→ **DATA SECTION**:
----
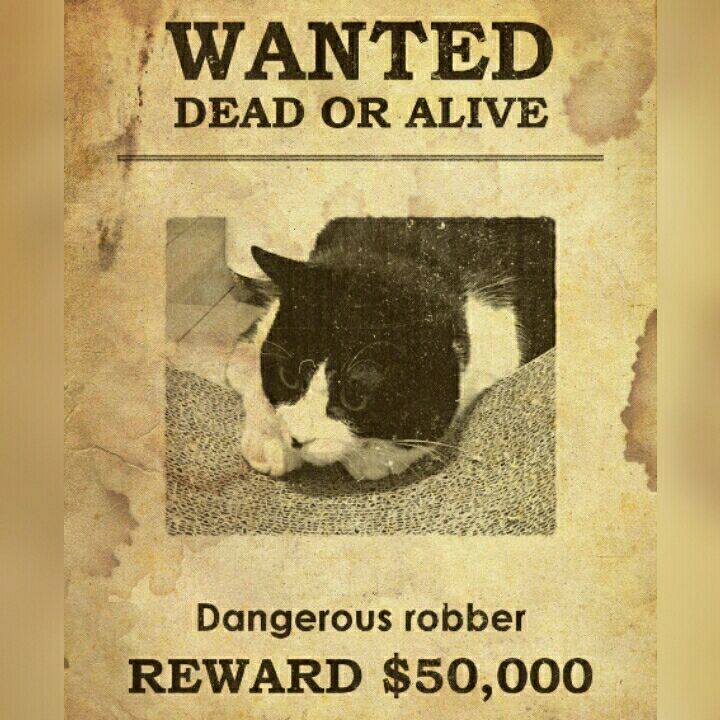 103b0197 c824 442e 931d f3135608b162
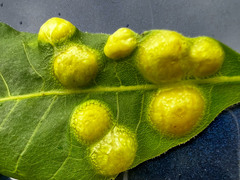 Phylloxera russellae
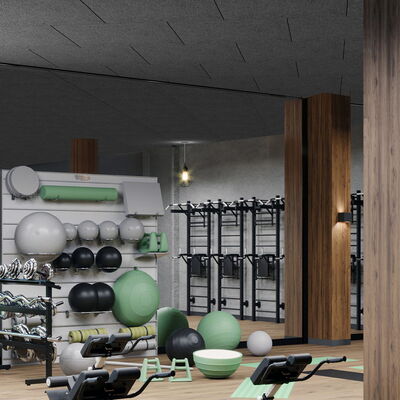 Gym Ceilings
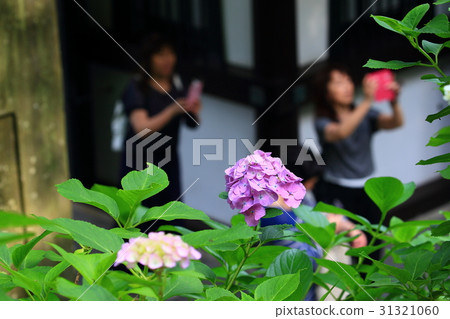 Hydrangea hydrangea flower copy space smart headphones SNS material copy Kamakura hydrangea rainy season background blur Hydrangea hydrangea flower copy space smart headphones SNS material copy Kamakura hydrangea rainy season background blur 31321060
----
→ **YOUR GOAL**:
Leave the images out and output the remaining material exactly as it stands.

→ **ANSWER TO THE EXERCISE**:
 103b0197 c824 442e 931d f3135608b162
 Phylloxera russellae
 Gym Ceilings
 Hydrangea hydrangea flower copy space smart headphones SNS material copy Kamakura hydrangea rainy season background blur Hydrangea hydrangea flower copy space smart headphones SNS material copy Kamakura hydrangea rainy season background blur 31321060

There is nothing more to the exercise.